Des difficultés aussi mais beaucoup d’espérances relayées également par Naman Sidibé, paysan malien et membre du bureau de l’association des organisations professionnelles paysannes de la région de Koulikoro. Un pays où l’on a compris “que le développement n’est pas seulement au niveau des techniques mais beaucoup par le renforcement des liens entre agriculteurs”.
Le mot de la fin pour Daniel Génissel : “si politiquement les agriculteurs ont suffisamment de moyens pour faire leur travail, nous aurons gagné notre pari de lutte contre la faim”.

Pascale Cauchy, Conseil régional de Basse-Normandie : “Produire plus pour dégager du revenu »

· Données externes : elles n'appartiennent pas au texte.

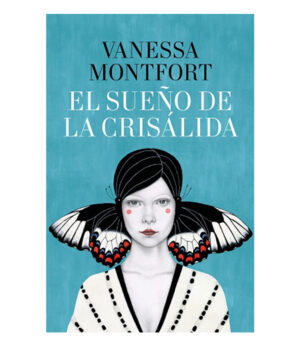 SUEÑO DE LA CRISÁLIDA, EL
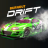 icon Drift Burnout(Car Drift Pro - Drifting Games) 1.3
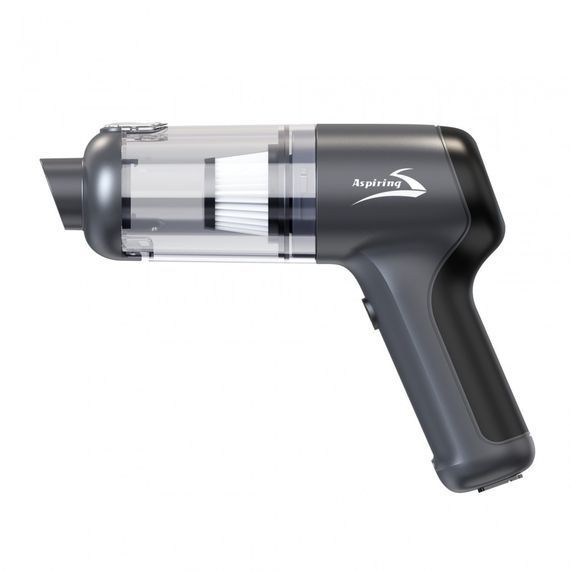 Пилосос Aspiring Gale 1 Wireless Blow air Gale 1 Wireless Blow air фото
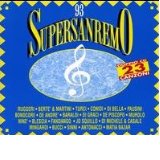 Supersanremo 93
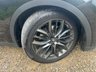 USED 2018 68 MASERATI LEVANTE 3.0D V6 ZF 4WD Euro 6 (s/s) 5dr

• Le Conseil régional de Basse-Normandie, à travers la voie de sa déléguée à la coopération décentralisée, partage cette vision de “partenariat de territoire à territoire à travers l’échange sur les politiques publiques” plutôt qu’à travers l’appui financier ou l’assistanat. “L’aide alimentaire fait plus de mal que de bien quand elle s’inscrit dans la durée”, juge Pascale Cauchy. Sa préférence : “produire plus pour dégager du revenu. C’est valable au Nord comme au Sud”.  Même en Normandie ? Concrètement, la Région aide au financement de plus de 200 structures et institutions bas-normandes , dont l’AFDI, qui ont pour objectif de coopérer avec les pays émergents et en développement. C’est ainsi qu’elle a signé en 2007 un programme triennal de coopération avec la République de Macédoine. “Fruit d’une volonté commune de participer au développement des deux territoires, cette coopération incite non seulement les populations à s’engager dans une citoyenneté locale et européenne active mais encourage aussi les coopérations institutionnelles et économiques. Tout cela, dans un esprit de réciprocité et d’échanges”, insiste Laurent Beauvais, président de la Région Basse-Normandie. Domaines concernés: l’usage des TIC (Technologie de l’Information et de la Communication), mobilité internationale des jeunes, citoyenneté locale et européenne active, éducation, formation et orientation professionnelle, francophonie, société de l’information et médias, politiques culturelles, promotion du tourisme durable et valorisation du patrimoine.